The Japanese Village in Knightsbridge, London, was a late Victorian era exhibition of Japanese culture and located in Humphreys' Hall, which took place from January 1885 until June 1887. Japanese art and culture had become extremely popular in Victorian England by the 1880s, and more than a million people visited the Village. The exhibition employed around 100 Japanese men and women in a setting built to resemble a traditional Japanese village. The exhibit burnt down in May 1885 but was rebuilt and expanded. It reopened the following December.
As a result of the opening up of Japan to trade with Britain in the 1850s, an English craze for all things Japanese had built through the 1860s and 1870s, fed by the British perception of Japan as a mediaeval culture, and greatly increased imports of Japanese art, design and decorative objects to Britain. The fad resonated particularly with devotees of the Aesthetic movement of the late nineteenth century.[1] The planned exhibition was announced in the financial section of The London and China Express on 11 January 1884; it was expected to take a team of Japanese workers seven months to build.[2]
The exhibition was a commercial venture organised by Tannaker Buhicrosan (1839–1894),[3] who had been organising travelling Japanese exhibitions and performances in Britain for several years beforehand throughout England. After performances of his Japanese Troupe, Buhicrosan often gave Japanese objects to each person who attended. He sometimes offered his entertainments to workhouses free of charge, and he was known to contribute money to disaster appeals such as the Tay Bridge disaster. He stated that the goal of the Village was to raise money for a mission, led by his British-Japanese Christian wife, Ruth Otake Buhicrosan (1851–1914), to help women in Japan.[4]
The exhibition was built to resemble a traditional Japanese village, completely contained within Humphreys' Hall (which was south of Knightsbridge and east of what is now Trevor Street). It employed around 100 Japanese men and women, and included segregated sleeping accommodation.[5] According to advertisements placed in the Illustrated London News:
Skilled Japanese artisans and workers (male and female) will illustrate the manners, customs, and art-industries of their country, attired in their national and picturesque costumes. Magnificently decorated and illuminated Buddhist temple. Five o’clock tea in the Japanese tea-house. Japanese Musical and other Entertainments. Every-day Life as in Japan.[6]
The Village opened on 10 January 1885 by Rutherford Alcock, a diplomat who had served in Japan and had organised the Japanese stand at the 1862 International Exhibition in London. It included of a street lined with shops made of bamboo, wood and paper, some with thatched roofs, another row of smaller shops, a Buddhist temple and a garden.

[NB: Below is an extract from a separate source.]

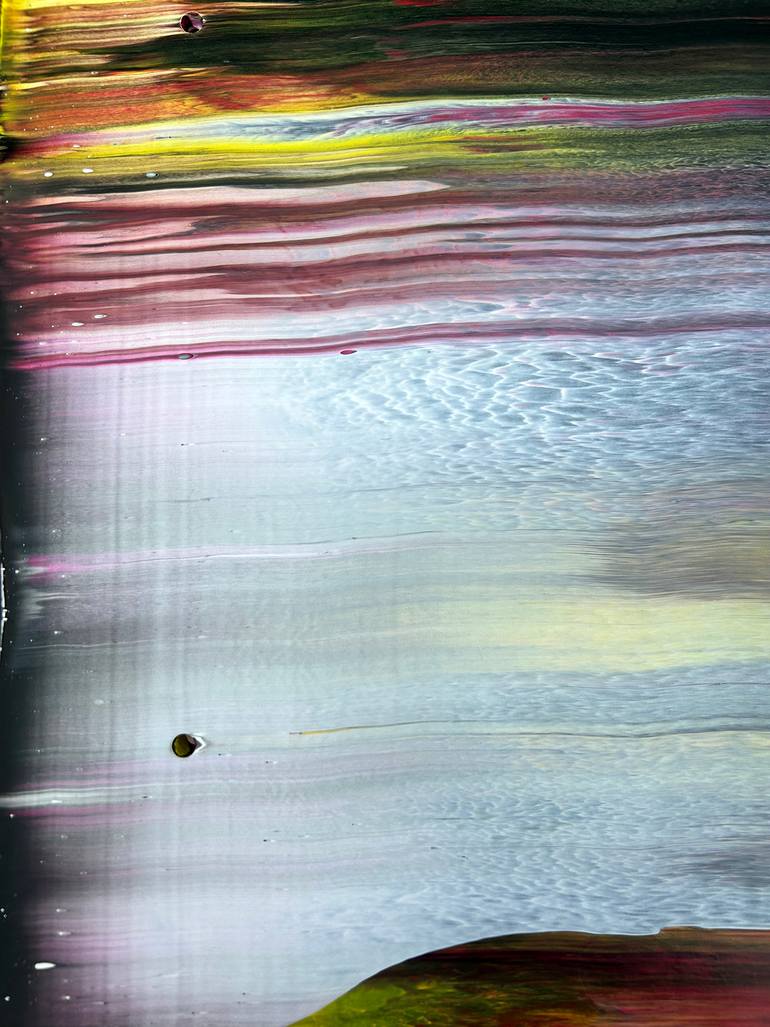 Original Abstract Expressionism Abstract Painting by Preston M Smith Pms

It was an immediate success, and more than 250,000 visitors attended during its early months.[7] While Gilbert and Sullivan were writing their opera The Mikado in 1885, W. S. Gilbert visited the exhibition and engaged Japanese people from the village to teach his cast aspects of Japanese behaviour and dance.[1]

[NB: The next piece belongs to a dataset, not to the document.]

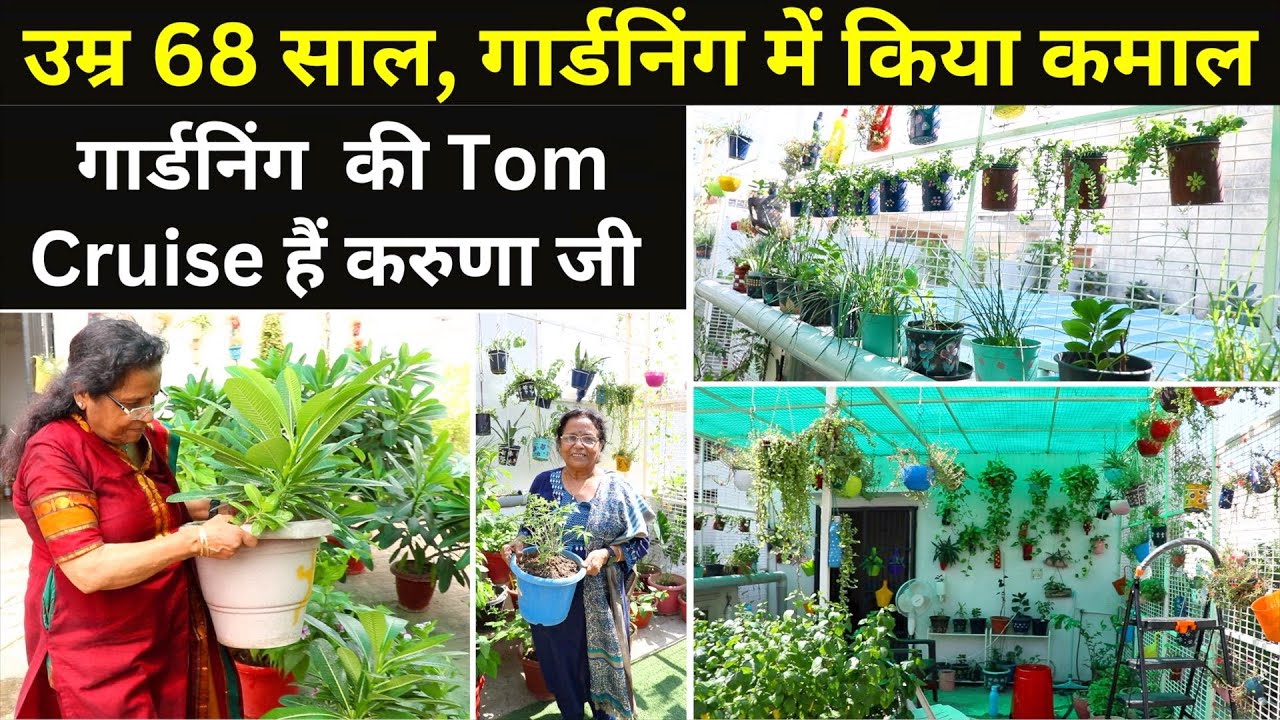 68 की उम्र में बागवानी का जादू 😍 छूमंतर कर दी 15 साल पुरानी बीमारियां || Unique Farming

London authorities were concerned about the safety of the exhibition, which was lighted at night by gas. Buhicrosan was summoned before the Metropolitan Board of Works for failure to get a safety certificate.[2] On 2 May 1885, Humphreys' Hall burnt down, and a Japanese wood carver was killed in the blaze; the fire spread to the adjoining Humphries Mansions and Sun Music Hall.[2] Buhicrosan announced that the hall and the exhibit would be rebuilt as quickly as possible. The exhibit employees were already committed to appear at the 1885 International Hygiene Exhibition in Berlin. They proceeded to fulfill the engagement. and then toured in Germany.[1] [2]
Meanwhile, the hall and the village exhibit were both reconstructed; the exhibition was greatly expanded and re-opened to the public on 8 December 1885 with "several streets of shops ... two temples and various free-standing idols, and a pool spanned by a rustic bridge".[8] Buhicrosan sold his stake in the Village in 1887 but ran other Villages and Japanese troupes around England until 1890.[2]
The exhibition continued until June 1887. By February 1887, over a million people had visited it. Prominent references to the exhibition are made in the 1999 film Topsy-Turvy[9] and the 2015 novel by Natasha Pulley, The Watchmaker of Filigree Street.[10]